## MATERIAL PROVIDED
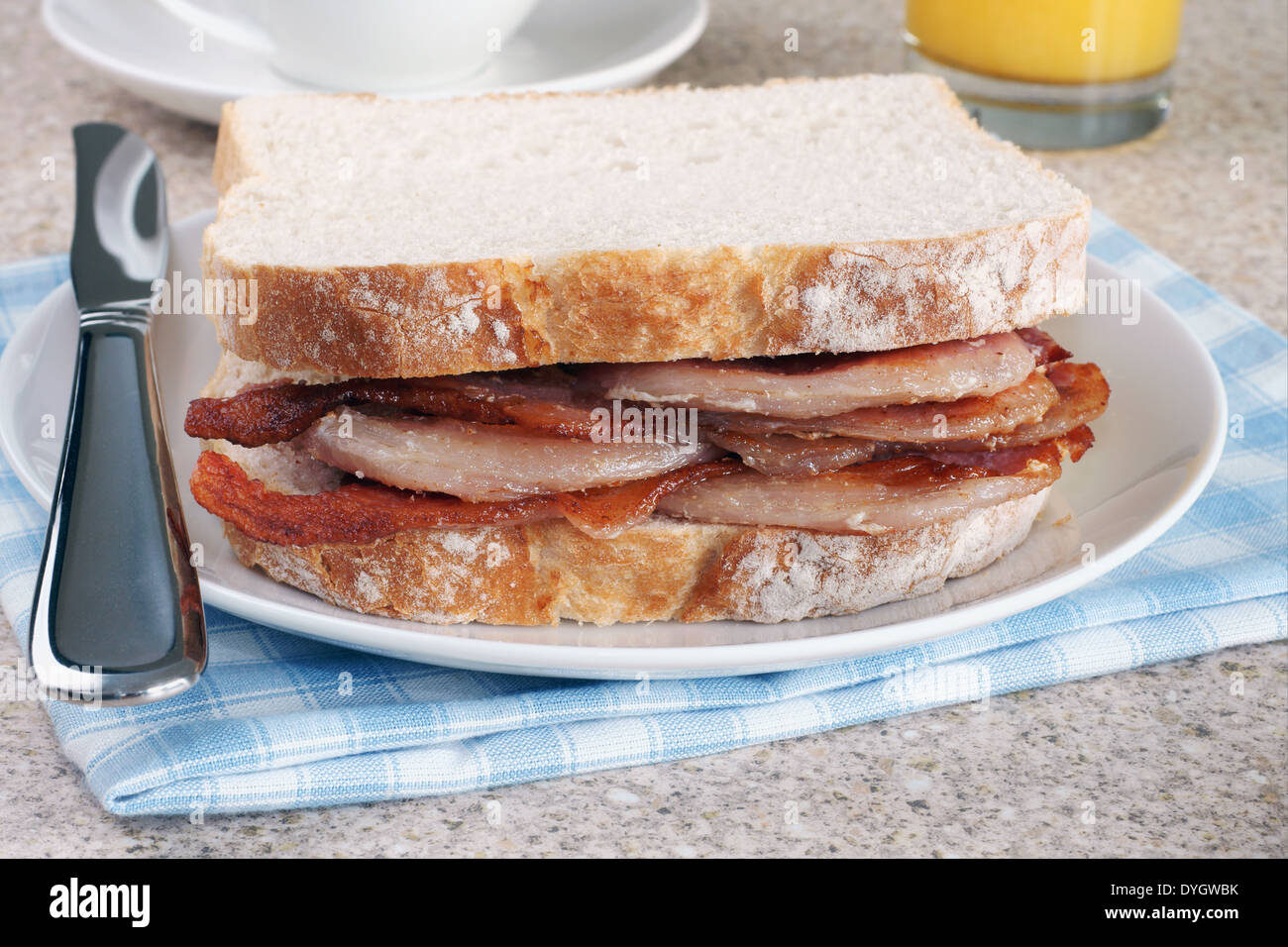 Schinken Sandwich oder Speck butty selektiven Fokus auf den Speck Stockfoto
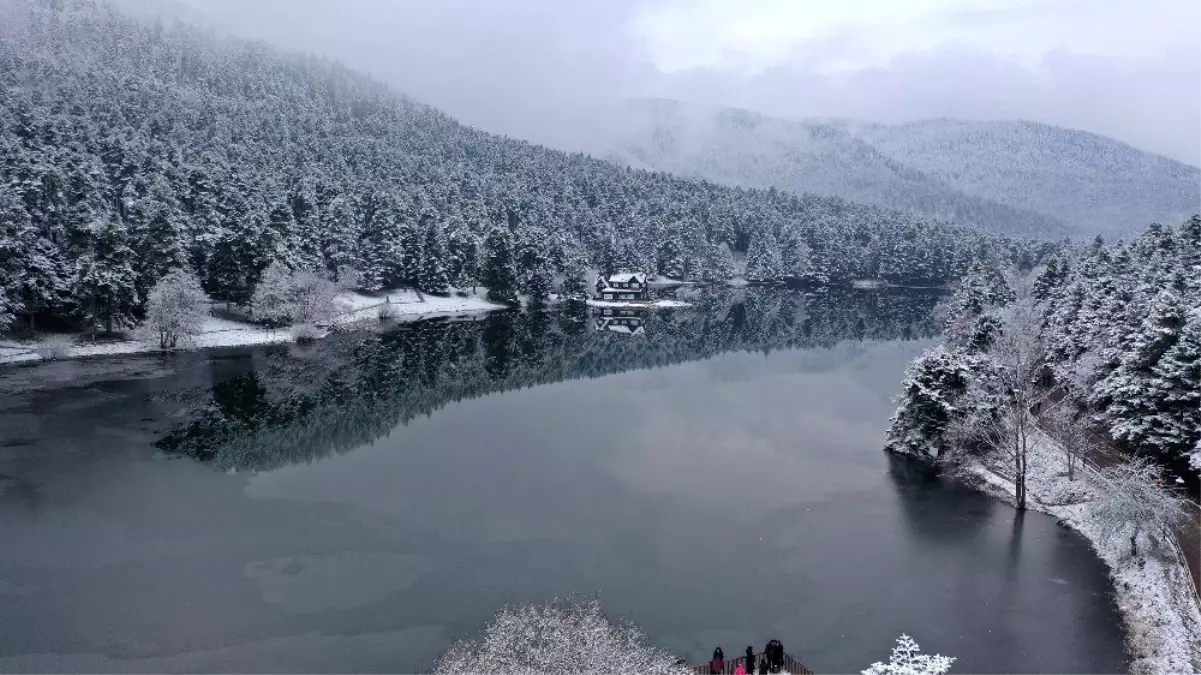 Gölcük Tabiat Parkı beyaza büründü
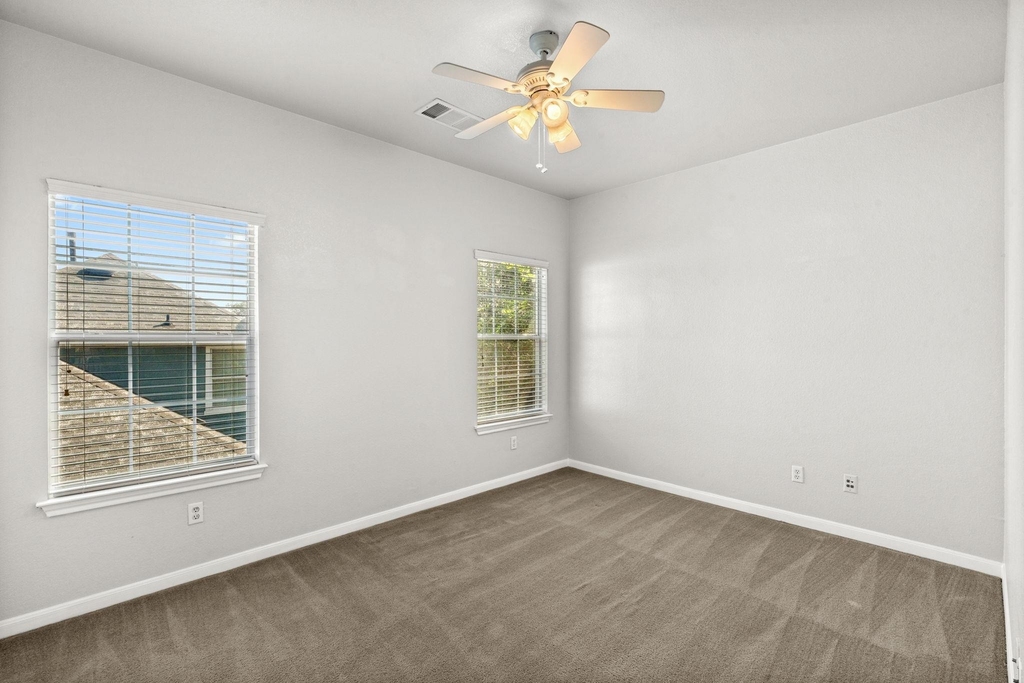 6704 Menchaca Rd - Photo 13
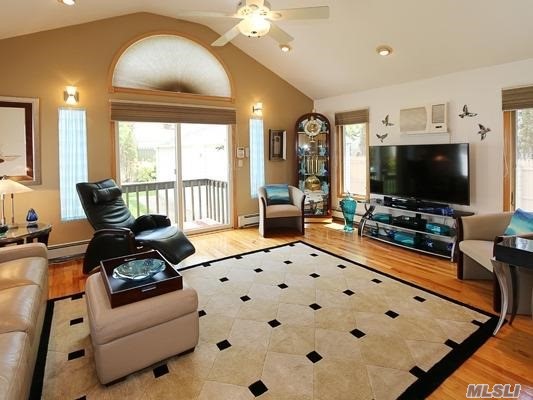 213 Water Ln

## EXERCISE
Would you retype the material exactly, omitting each picture?

## FINISHED EXERCISE
 Schinken Sandwich oder Speck butty selektiven Fokus auf den Speck Stockfoto
 Gölcük Tabiat Parkı beyaza büründü
 6704 Menchaca Rd - Photo 13
 213 Water Ln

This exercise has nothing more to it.